PHYSICAL EXAMINATION

Careful evaluation of visual function, including both acuity and visual field examination, should be performed to detect any loss of visual acuity or reduction of visual fields. This is usually verified with a formal ophthalmologic evaluation. Extraocular movements should be evaluated to rule out any dysfunction of the third (oculomotor), fourth (trochlear), and sixth (abducens) nerves. Olfaction should always be tested to rule out the possibility of an anterior skull base lesion, such as a meningioma of the cribriform plate or planum sphenoidale, extending posteriorly.

INDICATIONS

Tumors such as pituitary tumors, craniopharyngiomas, midline meningiomas, or a Rathke cleft cyst causing symptoms from mass effect (vision loss, pituitary or hypothalamic dysfunction) all require surgical decompression and/or resection. Even vascular lesions such as aneurysms can cause compression of the optic apparatus or other associated structures. In addition, certain suprasellar lesions involving the infundibulum or hypothalamus may require biopsy. All of these can be accomplished through a frontotemporal or subfrontal craniotomy, with wide exposure and access.

CONTRAINDICATIONS

There are few, if any, absolute contraindications to craniotomy for suprasellar tumors, assuming the patient is medically sound for surgery. Significant tumor burden in the sella may be challenging to remove completely through a craniotomy, but suprasellar tumors can always be accessed albeit with varying degrees of difficulty depending upon the relationship to the optic nerves and chiasm.

PREOPERATIVE PLANNING

Any surgical procedure should be well planned, particularly the anticipated trajectory to remove the lesion. It is important to obtain as much information as possible regarding endocrine status, visual status, and preoperative imaging prior to planning a surgical procedure in this region, which is replete with cranial nerves, proximal major arteries with perforating vessels, and the hypothalamic–pituitary axis. In addition, a rare compressive mass lesion such as a giant aneurysm must be ruled out because the surgical planning would demand preparation for management of this lesion. If a large aneurysm is anticipated, preoperative angiographic studies such as a digital subtraction or computed tomography (CT) angiogram should be performed. The surgical procedure may require more proximal control of the artery in the neck.
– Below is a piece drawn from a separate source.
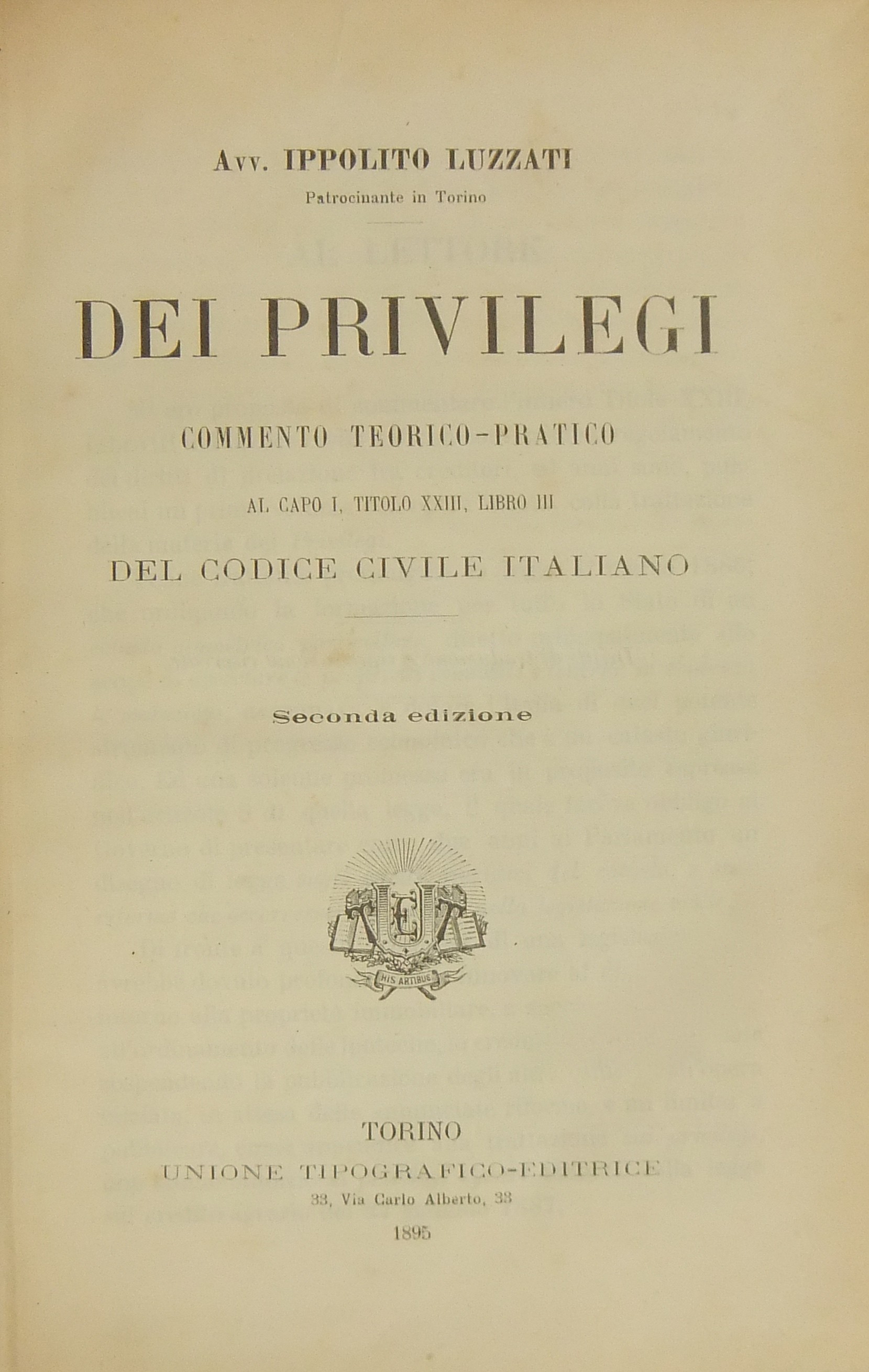 Dei privilegi. Commento teorico-pratico al Capo I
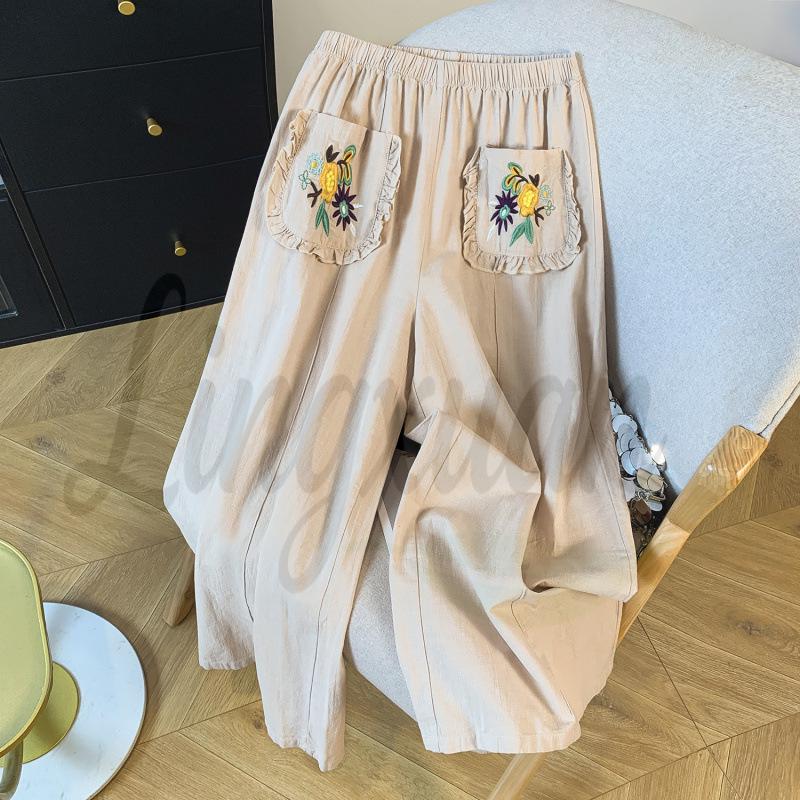 Japanese Mori Girl Embroidered Cotton Linen Wide Leg Cropped Pants - Slimming, Loose, Casual Summer Wear L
Magnetic resonance imaging is the best study to define the nature of the suprasellar mass; a fine-cut T1-weighted study should be obtained with and without contrast enhancement. Careful attention should be paid to involvement of the sella in addition to the suprasellar area, which may indicate a primary pituitary lesion, such as a pituitary adenoma or a cyst. Similarly, the relationship of the lesion to the third ventricle should be carefully examined. Coronal imaging allows evaluation of the optic nerves extending posteriorly from the posterior orbit through the optic canal and the suprasellar cistern and of the relationship of the lesion to the optic chiasm and tracts. Extraaxial lesions causing compression of the optic nerves should be visible in relationship to the nerves; an intrinsic lesion of the chiasm or hypothalamus may envelop and involve the optic nerves. Any involvement and encasement of major vessels (i.e., the internal carotid arteries, the proximal middle cerebral arteries, and the anterior cerebral arteries) should be delineated. The location and displacement of the pituitary stalk should be noted.

Occasionally, a CT scan may add complimentary information, especially to identify acute hemorrhage (such as pituitary apoplexy) or calcium within the tumor. This latter finding may be extremely helpful in identifying a craniopharyngioma, especially in patients in the pediatric age group.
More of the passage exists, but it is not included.